笹川:迷うなあ…。「夏陰涼し 日傘の君」にしようかな。


――ここが一番良かった理由は?

笹川:ここも淡い思いを抱いている女性の感じなんですけれど。日傘をさしている女性って、おしとやかに見えてすごくいいなって。この現代でもそうなんですけど。当時の女性の人たちが日傘をさしているって、ちょっとハイソな方々なのかなというイメージがあるんです。暑いのにハイソな女性の人たち、ちょっと裕福なところの女性は、涼しそうに見える。この時代にもありません?綺麗な人って汗かかないのかなとか。

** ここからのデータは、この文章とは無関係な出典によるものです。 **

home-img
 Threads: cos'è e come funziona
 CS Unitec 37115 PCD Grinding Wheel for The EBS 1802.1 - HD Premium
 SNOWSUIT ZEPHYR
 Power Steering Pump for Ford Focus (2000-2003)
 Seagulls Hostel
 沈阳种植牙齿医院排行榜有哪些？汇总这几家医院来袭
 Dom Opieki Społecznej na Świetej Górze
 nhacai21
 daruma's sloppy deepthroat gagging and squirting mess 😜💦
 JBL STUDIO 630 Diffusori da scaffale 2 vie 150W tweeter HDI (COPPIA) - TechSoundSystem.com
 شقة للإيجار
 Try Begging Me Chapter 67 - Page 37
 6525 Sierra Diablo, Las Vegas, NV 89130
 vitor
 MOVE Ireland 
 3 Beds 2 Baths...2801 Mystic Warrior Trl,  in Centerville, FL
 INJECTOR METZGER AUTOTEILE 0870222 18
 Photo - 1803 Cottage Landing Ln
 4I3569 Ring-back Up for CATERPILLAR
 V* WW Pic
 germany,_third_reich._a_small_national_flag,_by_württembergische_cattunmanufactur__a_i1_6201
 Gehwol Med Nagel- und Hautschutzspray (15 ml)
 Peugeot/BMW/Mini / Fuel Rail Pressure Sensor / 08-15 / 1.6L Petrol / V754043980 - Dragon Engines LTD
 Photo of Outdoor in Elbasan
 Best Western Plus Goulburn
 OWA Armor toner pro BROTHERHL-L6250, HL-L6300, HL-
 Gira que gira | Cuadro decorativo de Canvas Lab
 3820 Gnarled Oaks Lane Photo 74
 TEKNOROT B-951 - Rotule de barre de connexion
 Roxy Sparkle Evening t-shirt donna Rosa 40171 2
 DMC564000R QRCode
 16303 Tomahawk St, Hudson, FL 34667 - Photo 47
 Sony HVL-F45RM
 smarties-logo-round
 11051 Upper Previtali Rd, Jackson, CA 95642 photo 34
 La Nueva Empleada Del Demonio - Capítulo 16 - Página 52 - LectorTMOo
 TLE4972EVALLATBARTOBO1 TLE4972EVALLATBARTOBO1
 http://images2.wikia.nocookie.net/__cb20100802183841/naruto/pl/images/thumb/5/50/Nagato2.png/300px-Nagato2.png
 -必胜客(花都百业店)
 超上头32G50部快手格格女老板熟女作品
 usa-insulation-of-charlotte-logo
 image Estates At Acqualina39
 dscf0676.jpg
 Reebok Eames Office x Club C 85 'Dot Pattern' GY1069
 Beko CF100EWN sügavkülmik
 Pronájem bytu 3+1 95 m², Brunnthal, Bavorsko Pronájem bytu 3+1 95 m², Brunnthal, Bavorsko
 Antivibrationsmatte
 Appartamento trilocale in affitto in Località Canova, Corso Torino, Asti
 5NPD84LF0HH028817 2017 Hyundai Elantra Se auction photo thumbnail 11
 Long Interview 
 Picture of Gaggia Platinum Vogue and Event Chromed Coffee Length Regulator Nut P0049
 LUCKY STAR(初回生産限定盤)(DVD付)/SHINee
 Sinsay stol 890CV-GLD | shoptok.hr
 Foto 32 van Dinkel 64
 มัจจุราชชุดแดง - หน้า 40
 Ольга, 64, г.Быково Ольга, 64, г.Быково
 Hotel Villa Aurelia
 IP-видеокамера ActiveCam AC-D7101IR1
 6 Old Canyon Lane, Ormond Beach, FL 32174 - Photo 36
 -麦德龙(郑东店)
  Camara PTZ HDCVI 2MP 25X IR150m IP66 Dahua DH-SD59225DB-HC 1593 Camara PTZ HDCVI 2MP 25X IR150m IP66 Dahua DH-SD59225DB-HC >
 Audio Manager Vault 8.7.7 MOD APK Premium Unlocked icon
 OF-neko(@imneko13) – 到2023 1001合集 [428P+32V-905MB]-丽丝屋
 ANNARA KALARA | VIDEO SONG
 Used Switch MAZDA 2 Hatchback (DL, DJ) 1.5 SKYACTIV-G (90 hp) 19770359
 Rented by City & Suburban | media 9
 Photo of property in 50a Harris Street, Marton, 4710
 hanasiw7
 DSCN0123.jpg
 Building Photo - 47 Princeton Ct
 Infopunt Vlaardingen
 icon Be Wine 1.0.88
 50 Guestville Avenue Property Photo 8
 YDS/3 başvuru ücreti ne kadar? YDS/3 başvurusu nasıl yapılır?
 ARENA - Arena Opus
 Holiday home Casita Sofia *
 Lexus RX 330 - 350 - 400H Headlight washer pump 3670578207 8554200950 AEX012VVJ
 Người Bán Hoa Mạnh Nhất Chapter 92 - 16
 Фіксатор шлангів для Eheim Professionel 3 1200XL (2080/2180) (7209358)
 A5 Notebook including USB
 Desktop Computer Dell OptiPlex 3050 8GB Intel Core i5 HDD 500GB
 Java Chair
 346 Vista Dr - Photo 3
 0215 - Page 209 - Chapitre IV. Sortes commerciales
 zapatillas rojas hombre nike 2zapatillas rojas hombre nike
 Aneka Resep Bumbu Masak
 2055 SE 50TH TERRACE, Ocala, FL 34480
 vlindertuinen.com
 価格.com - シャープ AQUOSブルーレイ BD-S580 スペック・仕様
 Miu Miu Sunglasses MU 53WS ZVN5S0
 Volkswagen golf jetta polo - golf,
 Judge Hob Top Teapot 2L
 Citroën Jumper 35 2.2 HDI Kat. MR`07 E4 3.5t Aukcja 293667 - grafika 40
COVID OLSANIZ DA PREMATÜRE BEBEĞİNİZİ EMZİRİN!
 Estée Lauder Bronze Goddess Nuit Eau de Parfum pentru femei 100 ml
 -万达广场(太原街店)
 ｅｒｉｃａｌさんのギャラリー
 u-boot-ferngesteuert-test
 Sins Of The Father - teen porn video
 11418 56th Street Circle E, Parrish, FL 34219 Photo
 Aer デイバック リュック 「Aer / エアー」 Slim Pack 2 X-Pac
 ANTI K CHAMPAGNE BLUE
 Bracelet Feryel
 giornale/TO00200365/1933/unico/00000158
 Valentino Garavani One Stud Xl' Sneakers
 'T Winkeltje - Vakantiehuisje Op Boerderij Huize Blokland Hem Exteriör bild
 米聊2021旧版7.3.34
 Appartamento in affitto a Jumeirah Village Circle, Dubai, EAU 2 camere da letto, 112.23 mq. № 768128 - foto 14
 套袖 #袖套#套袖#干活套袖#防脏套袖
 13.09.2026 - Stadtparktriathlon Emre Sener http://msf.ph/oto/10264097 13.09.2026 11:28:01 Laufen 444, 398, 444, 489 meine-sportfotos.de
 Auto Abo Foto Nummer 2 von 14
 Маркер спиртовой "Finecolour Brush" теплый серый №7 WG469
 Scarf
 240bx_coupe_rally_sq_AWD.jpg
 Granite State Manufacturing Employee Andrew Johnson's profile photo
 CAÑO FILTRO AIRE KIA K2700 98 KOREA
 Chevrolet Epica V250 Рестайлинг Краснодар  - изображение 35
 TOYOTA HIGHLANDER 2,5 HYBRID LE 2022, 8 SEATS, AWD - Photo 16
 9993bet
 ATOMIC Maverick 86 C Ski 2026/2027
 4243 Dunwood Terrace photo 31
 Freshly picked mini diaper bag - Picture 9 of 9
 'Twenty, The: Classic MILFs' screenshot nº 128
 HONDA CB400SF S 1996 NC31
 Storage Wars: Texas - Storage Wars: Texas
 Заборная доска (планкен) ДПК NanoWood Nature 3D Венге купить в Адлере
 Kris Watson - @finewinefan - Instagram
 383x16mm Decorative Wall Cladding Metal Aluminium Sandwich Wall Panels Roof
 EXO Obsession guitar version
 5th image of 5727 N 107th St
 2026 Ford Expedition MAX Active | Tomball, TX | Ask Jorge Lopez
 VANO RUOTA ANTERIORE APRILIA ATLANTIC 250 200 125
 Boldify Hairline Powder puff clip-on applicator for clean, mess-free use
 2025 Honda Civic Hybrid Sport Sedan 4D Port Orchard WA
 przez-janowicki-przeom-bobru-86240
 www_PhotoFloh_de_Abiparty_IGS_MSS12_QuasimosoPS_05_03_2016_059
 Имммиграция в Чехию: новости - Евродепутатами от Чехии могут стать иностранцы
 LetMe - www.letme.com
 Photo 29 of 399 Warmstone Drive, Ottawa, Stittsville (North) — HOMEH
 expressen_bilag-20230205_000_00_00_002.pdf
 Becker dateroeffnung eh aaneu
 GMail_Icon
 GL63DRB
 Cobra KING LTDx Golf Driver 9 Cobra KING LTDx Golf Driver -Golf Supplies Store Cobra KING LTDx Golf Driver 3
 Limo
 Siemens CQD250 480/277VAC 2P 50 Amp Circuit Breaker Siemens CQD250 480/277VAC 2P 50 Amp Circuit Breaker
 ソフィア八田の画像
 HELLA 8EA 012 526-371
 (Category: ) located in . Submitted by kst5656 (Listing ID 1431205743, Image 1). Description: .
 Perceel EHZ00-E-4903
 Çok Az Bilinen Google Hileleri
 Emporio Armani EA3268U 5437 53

それをちょっと風流に言いたくて。この言い回しにしました。「日傘の君」って、なりたいよねというのもありますね。日本女性の美しさみたいなものも出したいなと思って入れていました。


――全体的に歌詞を見て思ったのですが、笹川さんは、歌詞の言葉の言い回しがすごく綺麗な言葉を並べられていますよね。

笹川:本当ですか?嬉しい。


――頭の中に入っている単語って、ストックがなくなることはないんですか。

笹川:私、すごく前に、お正月の季節と春夏秋冬のものすごく綺麗な日本語の単語集みたいなものを頂いたんですよね。1冊1万円くらいするんですけれど。私の祖父のお友達が、こういうお仕事をしているならぜひということで、オールカラーで季語とか写真とかも載っているものをくださったんです。私はそれを見ているのが好きなのと、本を読むことが本当にすごく好きなので。

割と、頭の中に好きな単語を入れていて。そのときに分からなくても、歌詞を作るときに出てきたりするんです。常日頃、本を読んでいるというのは、もしかしたら大きいかもしれないですね。あとリズムじゃないですけど。読んでいて気持ちの良いリズムを心掛けたりはするんですけど。歌詞だけを読んだときも、詞として読めるような歌詞にしたいというのが元々あるので。そこはあるかもしれないですね。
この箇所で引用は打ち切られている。